As far as instant gratification, it turned out to be one of the more productive draft picks in the history of the Bengals. At No. 37 in the top of the second round last year, they selected North Carolina's Giovani Bernard and he bolted off the board to a club-record 56 catches by a running back while averaging 4.1 yards per 170 scintillating carries and earning a berth as a NFL Rookie of the Year finalist.

Not to mention capturing the imagination with humility and passion in the effort to pull his family out of poverty and despair in the wake of his mother's death at age seven.

He went from borderline second-rounder to the red carpet of NFL awards night at the Super Bowl.

The pick also displayed why the Bengals have drafted so well over the past five years. True, Bernard is one of those rare no-brainers draped in war-room unanimity. But he had to get there through an intense series of checks and balances interlocking the personnel department, coaching staff, and ownership in their effort to pull consensus out of the myriad of names and numbers.

With this year's first round on Thursday night, here's how Bernard became a Bengal last year:


Like he does at every school he visits during the season, Greg Seamon, the Bengals' east coast scout, sits down with the people he knows and trusts and talks about their pro prospects. During a discussion with North Carolina offensive coordinator John Shoop in the 2010 season, he tells Seamon he's excited about a freshman running back that he can use in every aspect of the offense. This catches Seamon's attention since Shoop is a former coordinator with the Bears and Raiders who runs the pro style. The kid is only 5-9, but the new NFL has been kind to short backs that can catch and jet in the ever growing spaces of the pro game.

It isn't too long after that when Bernard tears up his knee and misses the rest of that frosh season. But Seamon files the conversation away.

"That's the first line of defense for us, the area scouts," says director of player personnel Duke Tobin. "Those are the guys on the ground and the guys closest to the programs. They're going to see these guys before anybody else."

After his sophomore season, Seamon thinks Bernard might have a shot at the pros, "but he was still a short player coming off a knee injury, so you weren't going to put him in the Hall of Fame," but in 2012 Shoop's vision becomes reality.

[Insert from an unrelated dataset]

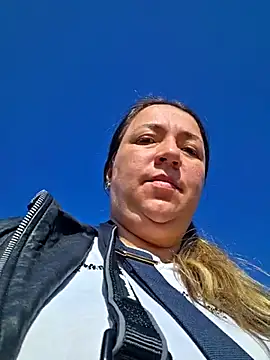 isabella rossse online show from 03-12-26, 02:12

Seamon can run down the stats for you. How Bernard led the ACC in all-purpose yards and yards from scrimmage and was among the national leaders in punt return yardage. There isn't one moment that convinces Seamon the kid can be an elite player, but just a weekly dose of 100-yard rushing games, 50-yard catch games, and big plays on punts.

But there is one play…

"North Carolina had lost against North Carolina State. Gio had sprained his ankle and they took him off punt returns to preserve him on offense," Seamon recalls.  "North Carolina stopped them in the last minute and Gio convinced Coach to put him back on punt return. With a heavily-taped ankle, he ran it over 70 yards for the touchdown to win the game. Tough guy. Good teammate. A lot of kids with his ability that were a little dinged up might not have been so interested in going back out there. He practically demanded it.

"We all know the kind of guy Gio is and you saw it," Seamon says. "No one on campus ever dinged his character."

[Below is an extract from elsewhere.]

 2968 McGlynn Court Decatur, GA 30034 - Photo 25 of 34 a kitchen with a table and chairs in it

All of it makes Seamon's report, which he files into the system the night of his campus visit. Every scout, owner, and football exec has access to everyone's report. At the end of the year, Seamon likes to go back and check the end-of-season games to see who's fumbling, or moping, or hurt because dynamics change.

But not Bernard.

"Everybody liked him on tape," Seamon says. "It was just a matter of how much do you like him?"


Since Bernard came out early as a junior, he undergoes a slightly different process. The Bengals dedicate most of the college season to scouting seniors before the juniors list is released in mid-January. They get a jump start on some juniors about a month before because of the NFL Advisory Board, the panel that advises underclassmen where they'll probably be chosen in the draft.

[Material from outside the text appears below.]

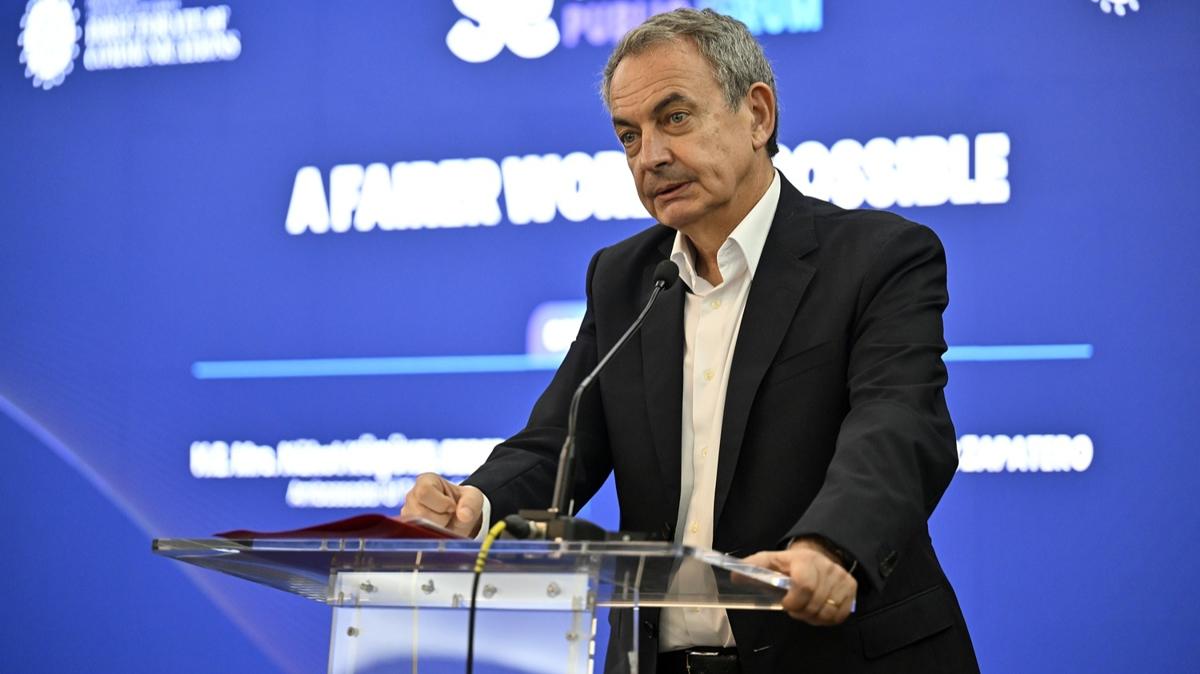 Eski Babakan'dan Trkiye itiraf: Hata yaptk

All 32 teams are assigned players to give those juniors grades and the clubs are all apprised of the total list of players mulling heading into the draft. If the Bengals have some junior reports from the fall, like they do on Bernard, they'll contribute them.

"Running backs tend to come out (early), so we focus on them a little earlier in the process," Tobin says. "With that position group, it seems like if they have a strong junior year, they come out."

But junior or senior, every Bengals' prospect gets cross-checked. Each scout is in charge of a couple of positions that they rank and cross-check with the area scout. Bill Tobin, Duke's father and the 44-year NFL veteran, ranks the running backs while scouting the Midwest.

Bill Tobin doesn't mind lack of height. What he wants to see is speed, smarts, and aggressiveness.  Needless to say, he sees plenty of that from Bernard and says so. What he really likes is the way he pass blocks. Bernard might not have been an A in that department, but Tobin notices he doesn't back off, or try to measure up a guy, or duck his head. He's an NFL pass protector in the making.

The other Tobin also files a cross check on Bernard because he hits all the top prospects. But Duke Tobin knows that a fourth report is going to be just as valuable.

"The more you get the coaches involved, the more they can start visualizing the guy in the scheme," Duke Tobin says. "That sometimes can break ties between two different players. 'Comparable ability level, but this guy fits what we're looking to do. We can get him involved early.' That helps when coaches get involved. We want to take guys that can contribute early. No sense taking guys that are going to be three-year projects, especially early in the draft. With Gio there was a clear, identified role from our coaching staff."


The coaches start getting involved in the draft in late January, Senior Bowl time. But after getting prepped by the scouts, they are hitting the ground running a month later at the NFL Scouting Combine and for the first time since the James Brooks trade, the retired Jim Anderson, a.k.a. J.A. isn't the running backs coach when the league gathers for the 2013 combine.

But his successor, Hue Jackson, is no stranger to the Bengals under head coach Marvin Lewis after overseeing two of the most prolific wide receivers in club history when he was the position coach for Chad Johnson and T.J. Houshmandzadeh a decade before. And he's familiar with NFL running backs because he turned the Raiders into a top ten rushing team as the head coach and offensive coordinator.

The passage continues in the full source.